It’s weird how routines change.
I’m barely an afternoon person. Don’t get me wrong I’m not moody or irritable. I’m just unable to jump out of bed ready to attack the day. These days I slither out of bed and that in itself feels like a great achievement. I really should get a prize.
This morning as I did the daily slither, I thought to myself; how is it not the weekend yet. That’s a mystery which is as hard to solve as catcing Jack the Ripper.
I love my job, truly but this week has been so long, it’s why I didn’t post yesterday and I’m posting now as I have my breakfast:
Ok, that’s not actually my breakfast, I had porridge this morning before I left my house for work. I can’t drive on a starving since dinner stomach. I, in no way condone having a bad “breakfast” and because I am (or was) a morning person, breakfast is my favourite meal (I love it and can have it any time during the day)

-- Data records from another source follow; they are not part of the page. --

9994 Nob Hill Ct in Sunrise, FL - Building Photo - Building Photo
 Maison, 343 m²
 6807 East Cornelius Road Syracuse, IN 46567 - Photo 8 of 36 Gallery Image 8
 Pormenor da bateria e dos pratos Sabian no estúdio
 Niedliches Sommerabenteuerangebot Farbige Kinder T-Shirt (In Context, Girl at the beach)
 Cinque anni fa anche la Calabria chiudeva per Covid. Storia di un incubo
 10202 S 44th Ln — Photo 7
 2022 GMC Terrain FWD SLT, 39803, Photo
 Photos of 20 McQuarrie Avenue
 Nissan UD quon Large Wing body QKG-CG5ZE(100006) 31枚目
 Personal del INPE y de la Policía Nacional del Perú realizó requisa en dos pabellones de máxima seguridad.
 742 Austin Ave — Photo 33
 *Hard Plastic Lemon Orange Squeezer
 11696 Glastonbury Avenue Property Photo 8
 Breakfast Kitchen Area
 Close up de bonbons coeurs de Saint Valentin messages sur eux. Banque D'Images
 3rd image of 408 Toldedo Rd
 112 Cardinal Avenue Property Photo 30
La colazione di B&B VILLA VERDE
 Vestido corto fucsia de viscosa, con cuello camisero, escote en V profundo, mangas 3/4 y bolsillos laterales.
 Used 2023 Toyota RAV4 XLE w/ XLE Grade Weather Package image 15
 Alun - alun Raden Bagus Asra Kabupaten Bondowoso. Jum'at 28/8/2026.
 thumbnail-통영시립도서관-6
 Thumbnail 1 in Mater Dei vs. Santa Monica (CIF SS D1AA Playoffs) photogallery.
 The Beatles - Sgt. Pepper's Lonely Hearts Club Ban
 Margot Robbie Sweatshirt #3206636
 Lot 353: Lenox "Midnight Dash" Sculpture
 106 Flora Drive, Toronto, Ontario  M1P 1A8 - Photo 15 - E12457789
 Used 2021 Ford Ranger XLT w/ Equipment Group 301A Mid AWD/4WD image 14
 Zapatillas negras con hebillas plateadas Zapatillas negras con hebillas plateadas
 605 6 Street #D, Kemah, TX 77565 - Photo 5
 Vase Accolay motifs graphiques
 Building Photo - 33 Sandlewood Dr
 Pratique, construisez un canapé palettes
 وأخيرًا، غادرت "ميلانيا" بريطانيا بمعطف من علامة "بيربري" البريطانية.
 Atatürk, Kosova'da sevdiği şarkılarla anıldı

So, why did it all change? Your guess is as good as mine. My curious mind will not rest till I figure it out and since time is short and I must start working, here are a few things that pop into my mind:
- Lack of motivation;
- Lack of sun (its been cloudy here all week, like London);
- I stopped taking my vitamin D supplements, they ran out and I was due to go back for another checkup to see if I’m not severely vitamin D deficient (which I was and I was taking the prescribed pills); and
- Lastly, I think my bed is just too darn comfortable and I love sleeping
Right, time for me to start my day.
Have a beautiful day :).
P.S: featured image is one I took on an island called Lulu Island and I love how palm trees are the epitome of summer/sun/daytime and I like to call them happy trees. I used it as a featured photo to remind me that I used to feel like a palm tree (well, as close as a person can actually feel like a tree) and as the morning would start, I too would stand tall and proud. I must go back to being a palm tree :).